Stored data entries:
"""

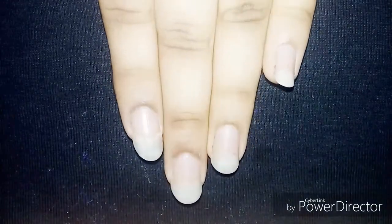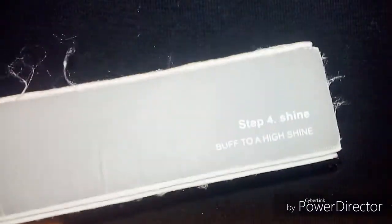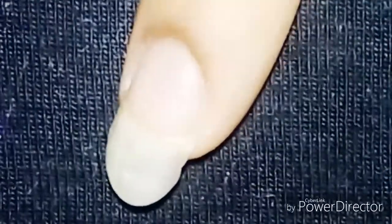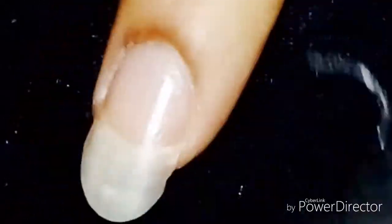The second step is so easy. We're going to take a buffer or a nail shaper. First, file smooth edges, then buff, and finally give a high shine. Now we're going to shape our nails perfectly. I'm going to shape my nails — it's a simple process to help grow your nail.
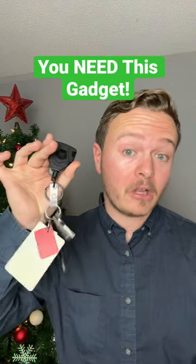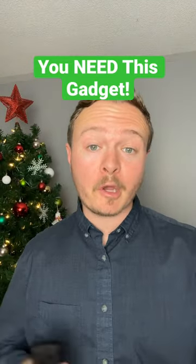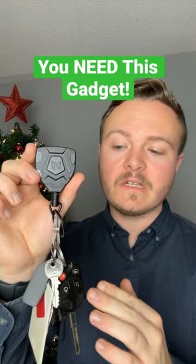Are you someone who carries along a lot of keys? Do you want to reach them in a quicker, faster way? This is the Mangorista keychain.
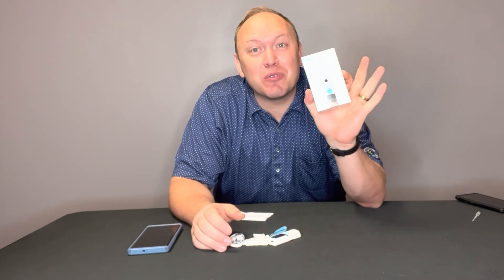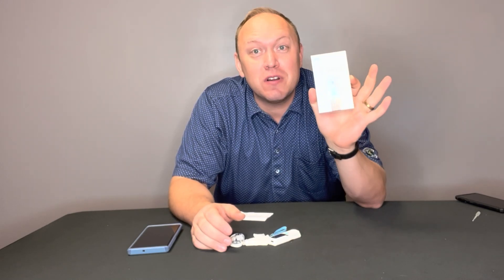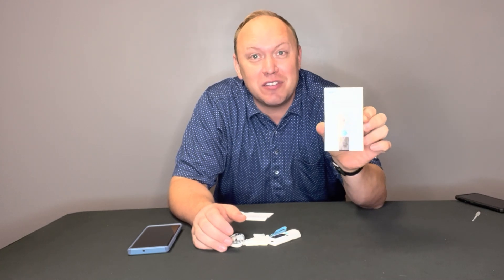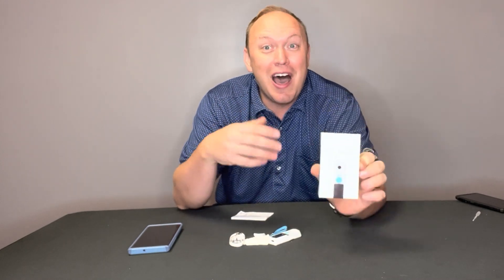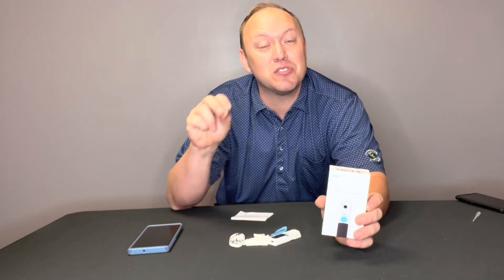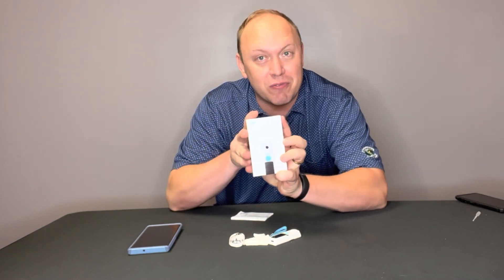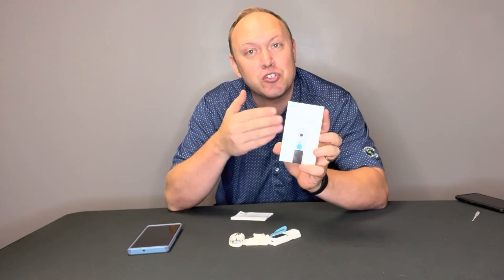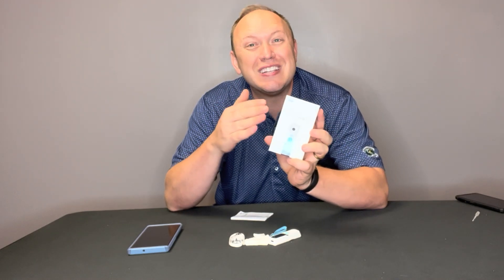Hey guys, I'm using this BRICS refractometer to measure the sugar content in the tomatoes that I test for my pizza blog. I'm also going to have some fun with it and test out some sugary drinks as well, just to check in and see what the sugar content in each of those solutions is. A refractometer, specifically a BRICS refractometer, is a device that measures the amount of sugar in a solution using light.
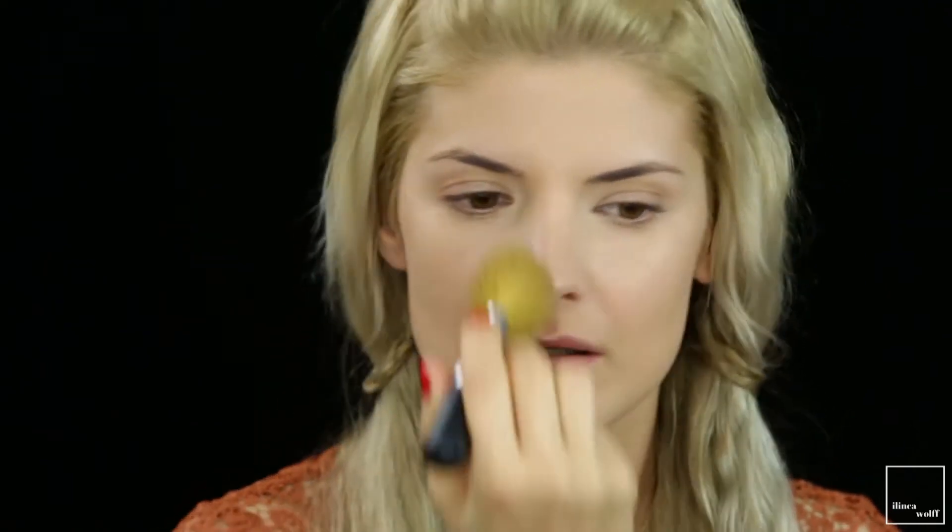Because the foundation is so matte and my complexion is quite dry, I'm only going to powder the center of my face with the Tony Moly pressed powder in translucent, using a Bare Minerals face brush — just a very thin layer. If you're oilier, apply as much as you need.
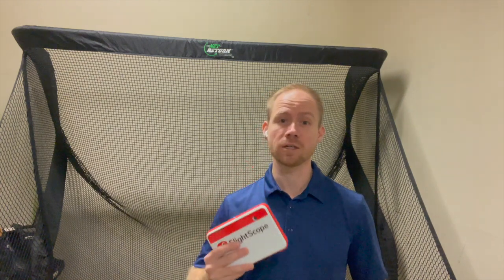Hey folks, in this video I want to go over one of the coolest features of the FlightScope Mevo Plus, and that is the swing video feature.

"""

Activity | Beginning with the line that contains "Are you someone", reproduce every line through the end of the records above exactly, leaving pictures out.

Answer |
Are you someone who carries along a lot of keys? Do you want to reach them in a quicker, faster way? This is the Mangorista keychain.
Hey guys, I'm using this BRICS refractometer to measure the sugar content in the tomatoes that I test for my pizza blog. I'm also going to have some fun with it and test out some sugary drinks as well, just to check in and see what the sugar content in each of those solutions is. A refractometer, specifically a BRICS refractometer, is a device that measures the amount of sugar in a solution using light.
Because the foundation is so matte and my complexion is quite dry, I'm only going to powder the center of my face with the Tony Moly pressed powder in translucent, using a Bare Minerals face brush — just a very thin layer. If you're oilier, apply as much as you need.
Hey folks, in this video I want to go over one of the coolest features of the FlightScope Mevo Plus, and that is the swing video feature.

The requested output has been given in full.